I am trying to match single line comment pattern in flex. Patterns of the comment could be:
//this is a single /(some random stuff) line comment
Or it could be like this:
// this is also a comment\
continuation of the comment from previous line
From the example it's obvious that I have to handle the multi-line case too.
Now my approach was using states. This is what I have so far:
"//" {
yymore();
BEGIN (SINGLE_COMMENT);
}
<SINGLE_COMMENT>([^{NEWLINE}]|\\[(.){NEWLINE}]) {
yymore();
}
<SINGLE_COMMENT>([^{NEWLINE}]|[^\\]{NEWLINE}) {
logout << "Line no " << line_count << ": TOKEN <COMMENT> Lexeme " << string(yytext) << "\nfound\n\n";
BEGIN (INITIAL);
}
NEWLINE is declared as:
NEWLINE \r?\n
My declaration unit:
%option noyywrap
%x SINGLE_COMMENT
int line_count = 1;
const int bucketSize = 10; // change if necessary
ofstream logout;
ofstream tokenout;
SymbolTable symbolTable(bucketSize);
Action of NEWLINE:
{NEWLINE} {
line_count++;
}
If I run it with the following input:
// hello\
int main
This is my log file:
Line no 1: TOKEN <COMMENT> Lexeme // hello\
found
Line no 1: TOKEN <INT> Lexeme int found
Line no 1: TOKEN <ID> Lexeme main found
ScopeTable # 1
6 --> < main , ID >
So, it's not catching the multi-line comment. Also the line_count is not incremented. It's staying the same. Can anybody help me figuring out what I have done wrong?
In (f)lex, as in most regular expression engines, [
and ]
enclose a character class description. A character class is a set of individual characters, and it always matches exactly one character which is a member of that set. There are also negated character classes which are written the same way except that they start with [^
and match exactly one character which is not a member of the set.

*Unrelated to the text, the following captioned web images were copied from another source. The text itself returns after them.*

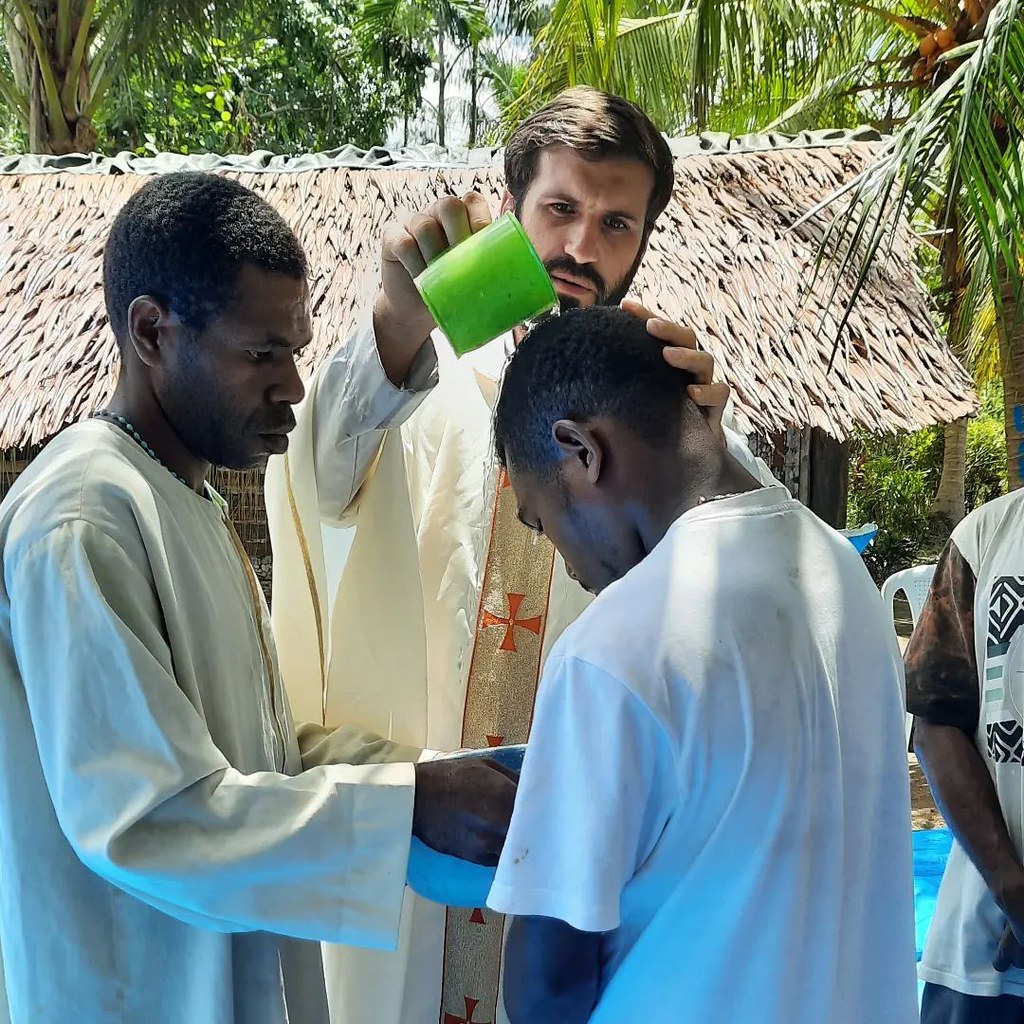 Papúa - 35 bautismos en Akramanab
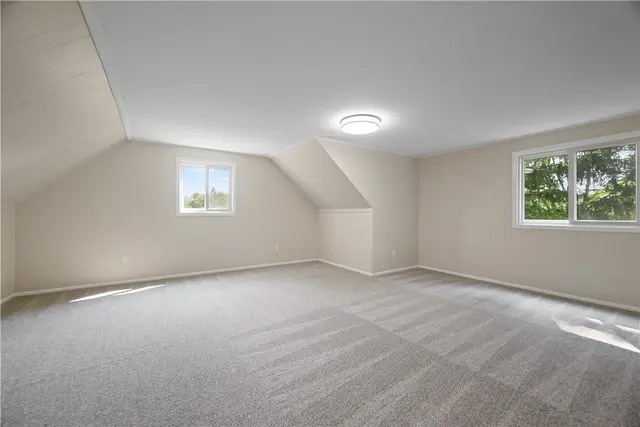 1042 Beacon Hill Road gallery image 40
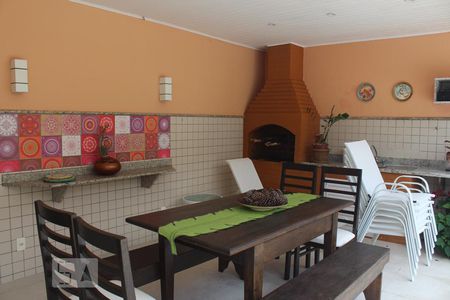 Casa de condomínio para alugar com 387m², 6 quartos e 2 vagasÁrea Externa - Churrasqueira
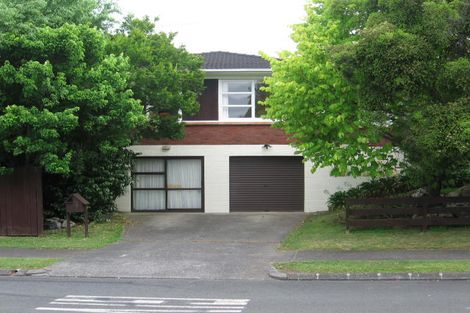 Photo of property in 2 Waikaremoana Place, Pakuranga Heights, Auckland, 2010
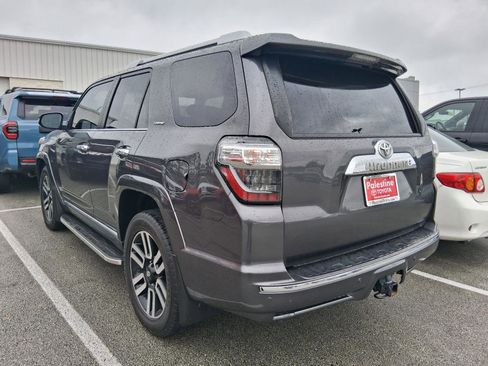 Used 2022 Toyota 4Runner Limited RWD image 3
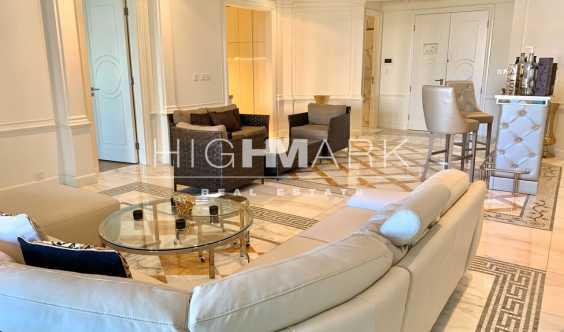 Furnished 2 Bedrooms Apartment  With Relaxing Creek And Pool Views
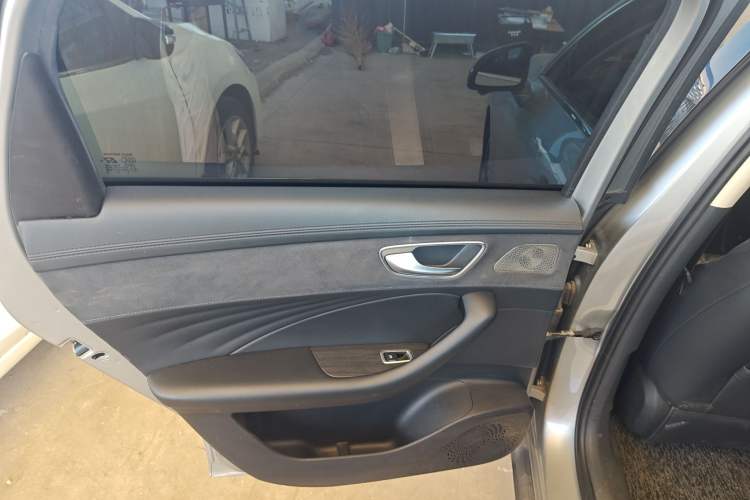 Used Roewe D7 2023 DMH 125km Flagship Edition Interior 8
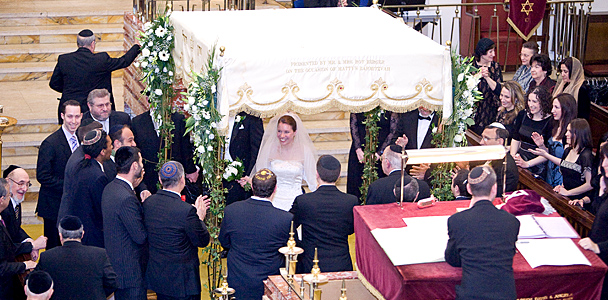 Photo of a couple getting married at Central Synagogue London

Character classes are not the same as sequences of characters:
ab
matches an a
followed by a b
[ab]
matches either an a
or a b
Since character classes are just sets of characters, it is meaningless for the individual characters in the class to be repeated or optional, etc. Consequently, almost no regular expression operators (*
, +
, ?
, etc.) are meaningful inside a character class. If you put one of them in a character class expression, it is handled just like an ordinary character:
a*
matches 0 or more a
s[a*]
matches either an a
or a *
One of the features flex provides which is not provided by most other regular expression systems is macro expansions, of the form {name}
. Here the {
and }
indicate the expansion of a defined macro, whose name is contained between the braces. These characters are also not special inside a character class:
{identifier}
matches whatever the expanded macro named identifier
would match.[{identifier}]
matches a single character which is {
, }
or one of the letters definrt
Macro definitions seem to be overused by beginners. My advice is always to avoid them, and thereby avoid the confusion which they create.
It's also worth noting that (f)lex does not have an operator which negates a subpattern. Only character classes can be negated; there is no easy way to write "match anything other than foo
". However, you can generally rely on the first longest-match rule to effectively implement negations: if some pattern p
executes, then there cannot be any pattern which would match more than p
. Thus, it might not be necessary to explicitly write the negation.
For example, in your comment detector where the only real issue is dealing with carriage return (\r
) characters which are not followed by newline characters, you could use (f)lex's pattern matching algorithm to your advantage:
<SINGLE_COMMENT>{
[^\\\r\n]+ ;
\\\r?\n { ++line_count; }
\\. ; /* only matches if the above rule doesn't */
\r?\n { ++line_count; BEGIN(INITIAL); }
\r ; /* only matches if the above rule doesn't */
}
By the way, it's usually much easier to provide %option yylineno
than to try to track newlines manually.